Rightly, Aubignac conceives the diptych above all as an articulated representation of the character and his attributes (as could be the case of Marie-Madeleine and her oil vase). But then we find ourselves faced with the art of contracts or permanent displacements: dubbing, games of reflections, dizzying enlargement effects. This means that the association of images takes place at an even deeper level, at the very roots of language. Thus, if on the one hand, "the essence of the character is immediately made visible", on the other hand, the vision does not coagulate and does not hold together in its depths.
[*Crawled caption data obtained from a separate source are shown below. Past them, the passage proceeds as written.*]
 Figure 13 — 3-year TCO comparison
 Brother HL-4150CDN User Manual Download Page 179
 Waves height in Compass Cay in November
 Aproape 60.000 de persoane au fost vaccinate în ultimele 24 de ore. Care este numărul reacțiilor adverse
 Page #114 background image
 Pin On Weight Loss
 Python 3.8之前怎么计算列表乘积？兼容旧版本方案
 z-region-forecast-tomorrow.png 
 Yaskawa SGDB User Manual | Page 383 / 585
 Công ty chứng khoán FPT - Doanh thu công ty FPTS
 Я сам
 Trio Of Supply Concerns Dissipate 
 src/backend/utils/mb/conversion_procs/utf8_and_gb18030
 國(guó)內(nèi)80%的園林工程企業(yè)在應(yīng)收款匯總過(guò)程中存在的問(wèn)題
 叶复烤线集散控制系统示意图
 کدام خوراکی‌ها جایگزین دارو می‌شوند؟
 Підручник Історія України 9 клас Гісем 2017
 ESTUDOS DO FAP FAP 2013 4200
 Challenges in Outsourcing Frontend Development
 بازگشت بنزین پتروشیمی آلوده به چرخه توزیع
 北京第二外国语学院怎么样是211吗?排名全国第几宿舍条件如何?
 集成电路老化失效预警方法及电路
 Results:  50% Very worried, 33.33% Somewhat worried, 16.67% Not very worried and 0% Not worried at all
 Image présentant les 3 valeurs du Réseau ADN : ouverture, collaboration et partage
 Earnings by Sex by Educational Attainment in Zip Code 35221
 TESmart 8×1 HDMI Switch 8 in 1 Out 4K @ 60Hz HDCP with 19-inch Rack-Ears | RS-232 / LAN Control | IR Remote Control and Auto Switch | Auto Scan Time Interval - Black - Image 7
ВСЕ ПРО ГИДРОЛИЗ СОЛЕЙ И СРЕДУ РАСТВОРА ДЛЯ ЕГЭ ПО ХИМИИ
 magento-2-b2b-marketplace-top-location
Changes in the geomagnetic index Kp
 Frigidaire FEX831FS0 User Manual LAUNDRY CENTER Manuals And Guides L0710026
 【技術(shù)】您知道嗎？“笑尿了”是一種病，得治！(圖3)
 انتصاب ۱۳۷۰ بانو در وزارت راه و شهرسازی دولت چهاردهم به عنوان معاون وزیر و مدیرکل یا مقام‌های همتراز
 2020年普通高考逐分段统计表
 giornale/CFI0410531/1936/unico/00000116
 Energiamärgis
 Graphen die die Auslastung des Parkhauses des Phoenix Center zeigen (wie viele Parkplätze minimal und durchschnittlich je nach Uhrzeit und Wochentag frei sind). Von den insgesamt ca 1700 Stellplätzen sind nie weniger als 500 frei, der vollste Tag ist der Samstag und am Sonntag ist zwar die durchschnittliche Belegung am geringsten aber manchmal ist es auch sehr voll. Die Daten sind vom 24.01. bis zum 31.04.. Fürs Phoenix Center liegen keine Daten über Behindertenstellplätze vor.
But I must make another remark about the small size of images (like modern miniatures), also because it brings us back to the idea that I mentioned at the beginning of "clairvoyance". In Aubignac’s work linear perfection, with its harmonies, its details, its cruelty, never has the upper hand, nor the delicacy of a touch quite capable of obsessively transmitting the smallest parts of life always triumphs: She prefers an expressive, "theatrical", even a flamboyant painting, which also offers various points of view and multiple formal analogies. His series Après les larmes is a world that beats, wavering on the edge of the visionary. In this way, however, Aubignac seems to see far, very far (in history, in legends), and she pierces the thin horizon of our usual behavior: yesterday and today are stacked together on the same panels, united under the sign of Madeleine. The styles, places, and lights change, it’s true, however, the artist is right to say: "My diptychs may even be illuminated by an electric light, but it is their internal light that is really bright". They are enlightened by their depth, it is their distance that brings them closer and their minimalism that exalts their potential for expression.